C # Programming Summary (ix) character encoding

Source: Internet
Author: User
Tags alphabetic character character set control characters lowercase requires

I believe you must have encountered garbled problem, why is garbled? How does the output data be different from the input?

Recently in the summary of encryption problems, but also encountered the same trouble. So let's focus on solving the problem today.

What is a character?

Characters are letters, numbers, words, and symbols used in the computer, including: 1, 2, 3, A, B, C, ~! #¥% ...-* ()--+, etc.

Character Set (Charset)

A character set (Charset) is a collection of all abstract characters supported by a system.

Characters are the general name of various words and symbols, including the national characters, punctuation marks, graphic symbols, numbers and so on.

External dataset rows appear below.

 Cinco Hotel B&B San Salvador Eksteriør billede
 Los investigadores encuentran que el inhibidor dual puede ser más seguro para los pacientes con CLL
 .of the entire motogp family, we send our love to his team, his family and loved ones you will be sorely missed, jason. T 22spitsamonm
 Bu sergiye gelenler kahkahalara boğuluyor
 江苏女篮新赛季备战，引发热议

What is character encoding?

Character encoding (Character Encoding): The simple way is to establish the correspondence between natural language and machine language. is a set of rules that can be used to pair a set of characters in a natural language (such as an alphabet or a syllable table) with a set of other things, such as numbers or electrical pulses. It is a basic technology of information processing that establishes the correspondence between the symbolic set and the digital system. Usually people use symbolic collections (usually text) to express information. and computer-based Information Processing system is the use of components (hardware) The combination of different States to store and process the message. The combination of different states of a component can represent numbers in a digital system, so character encoding is the number of converts to a digital system acceptable to a computer, called a digital code.

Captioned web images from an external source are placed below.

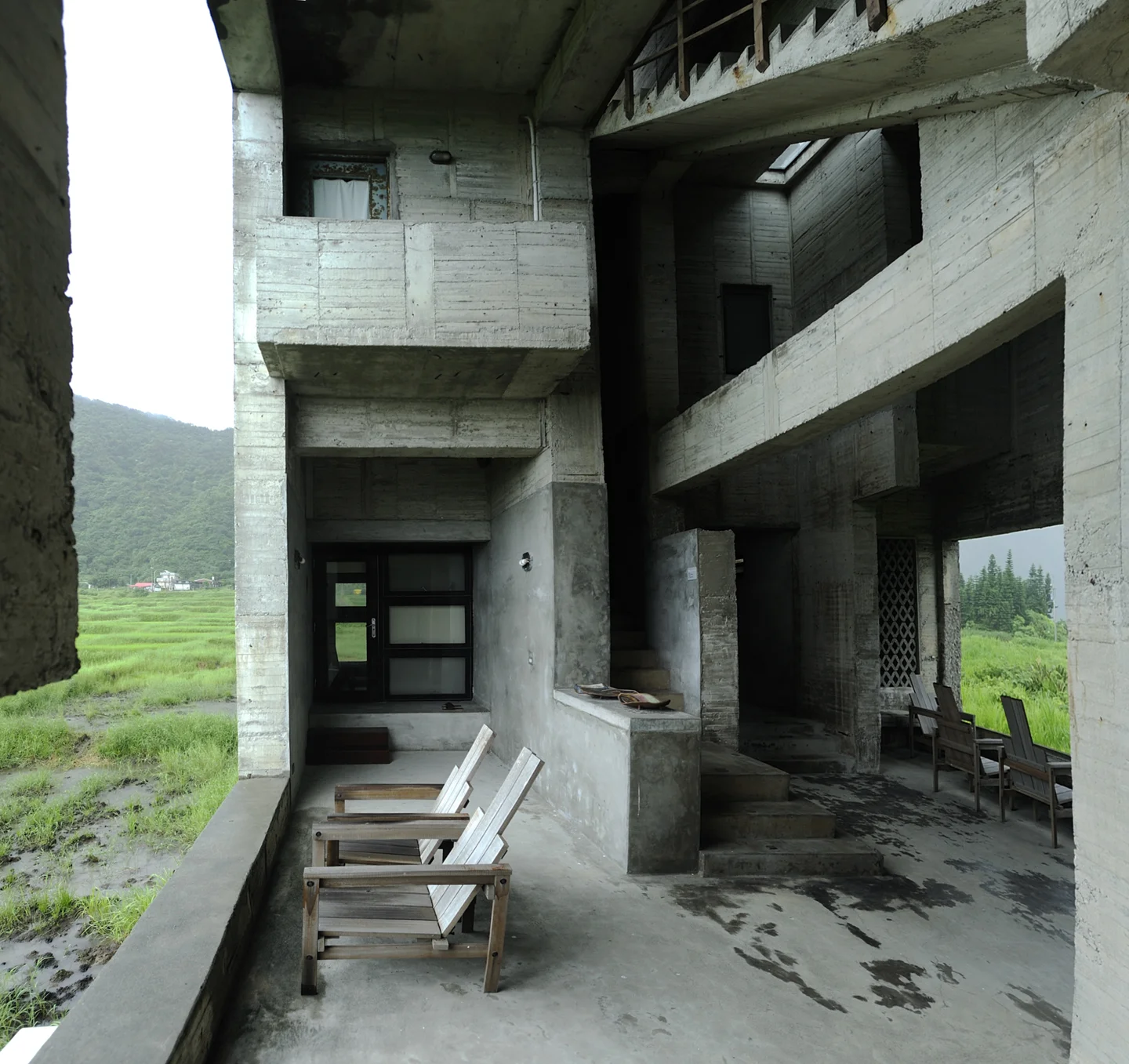 陳冠華建築書用照-202.jpg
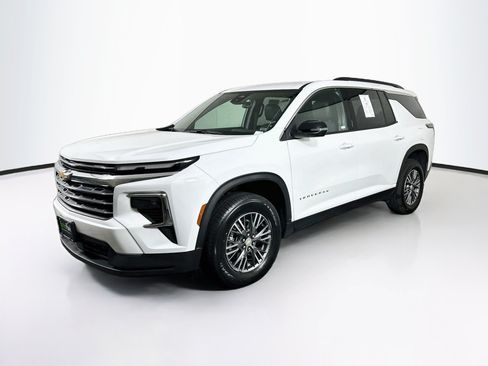 Used 2026 Chevrolet Traverse LT FWD image 3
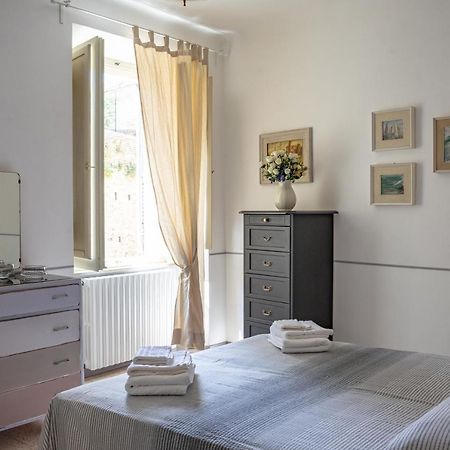 Casa Vacanze Nel Centro Storico Di Fermo Happy Song מראה חיצוני תמונה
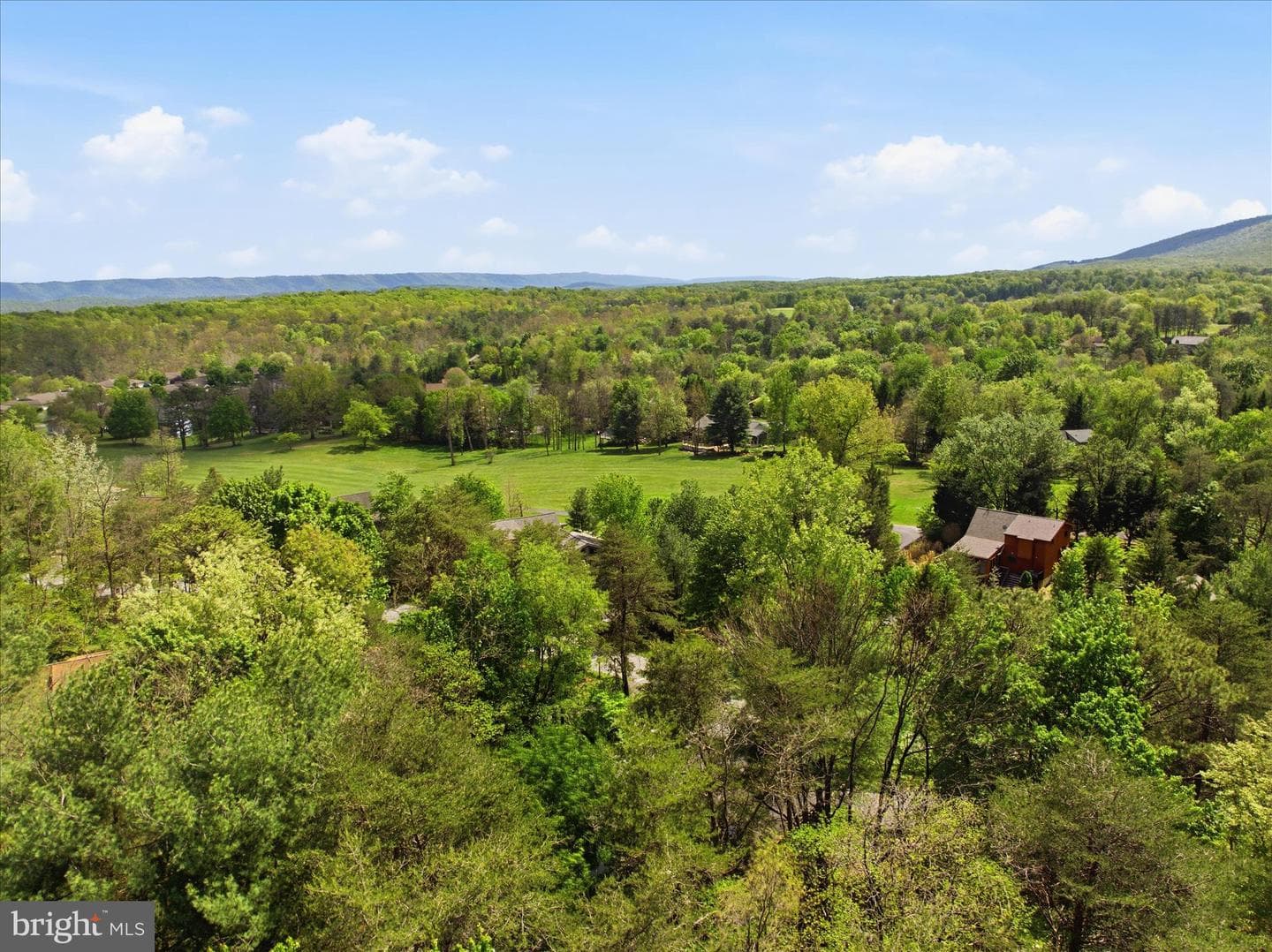 530 Tecumseh Trl photo 47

The information in the computer includes the data information and the control information, and the data information can be divided into numerical and non-numeric information. Non-numerical information and control information include letters, various control symbols, graphical symbols, etc., which are stored in the computer in binary encoding and processed, and the binary Code encoding letters and symbols is called character code (Character). The common character encodings used in computers include ASCII code (US standard Information Interchange Code) and EBCDIC Code (extended BCD interchange Code).

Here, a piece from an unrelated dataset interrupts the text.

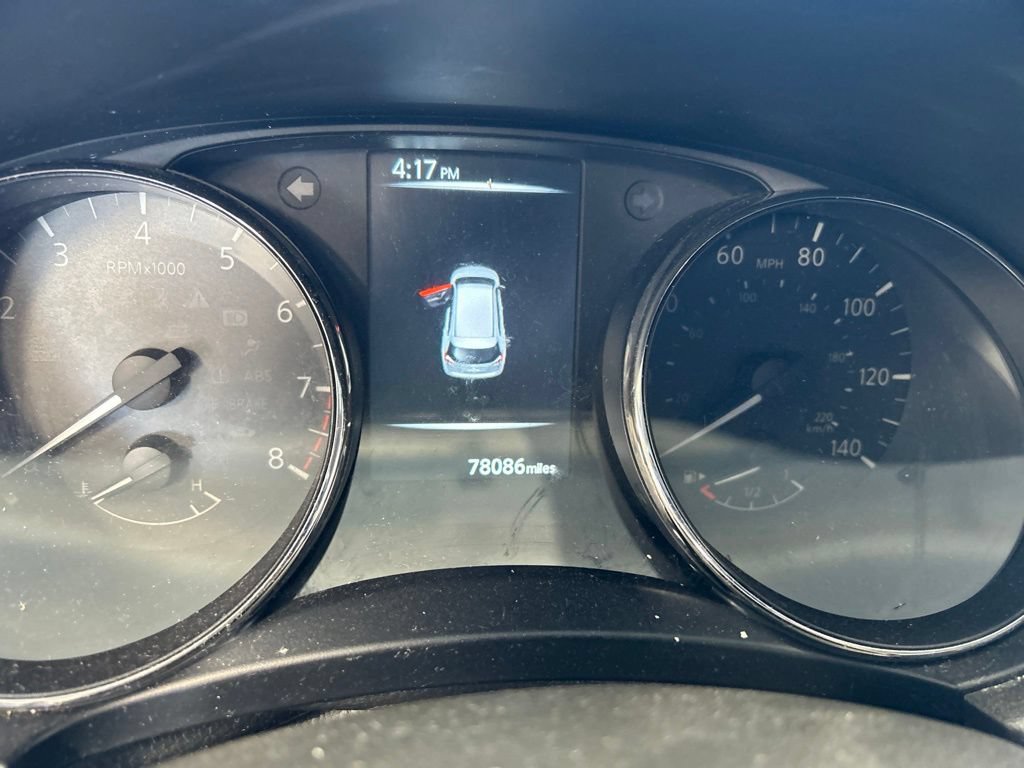 Used 2017 Nissan Rogue SV AWD/4WD image 4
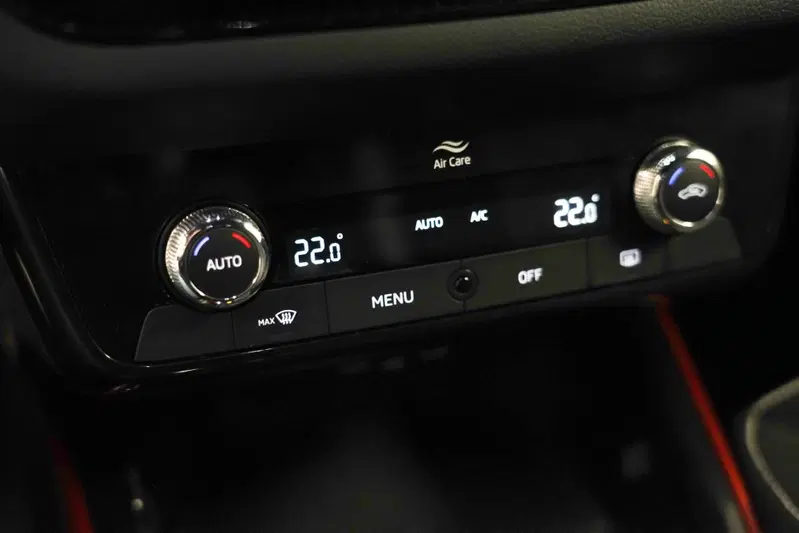 Skoda Fabia usata a Varese (19)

In ASCII encoding, an English letter character store requires 1 bytes. In GB 2312 encoding or GBK encoding, a kanji character store requires 2 bytes. In UTF-8 encoding, an English letter character store requires 1 bytes, and a Chinese character store requires 3 to 4 bytes. In UTF-16 encoding, an alphabetic character or a Chinese character store requires 2 bytes (some Chinese characters stored in a Unicode expansion area need 4 bytes). In UTF-32 encoding, the storage of any character in the world requires 4 bytes.

Troubled and puzzled?

1. Why is there a character encoding?

The meaning of the introduction has been explained, the character encoding is to allow the computer to identify natural language.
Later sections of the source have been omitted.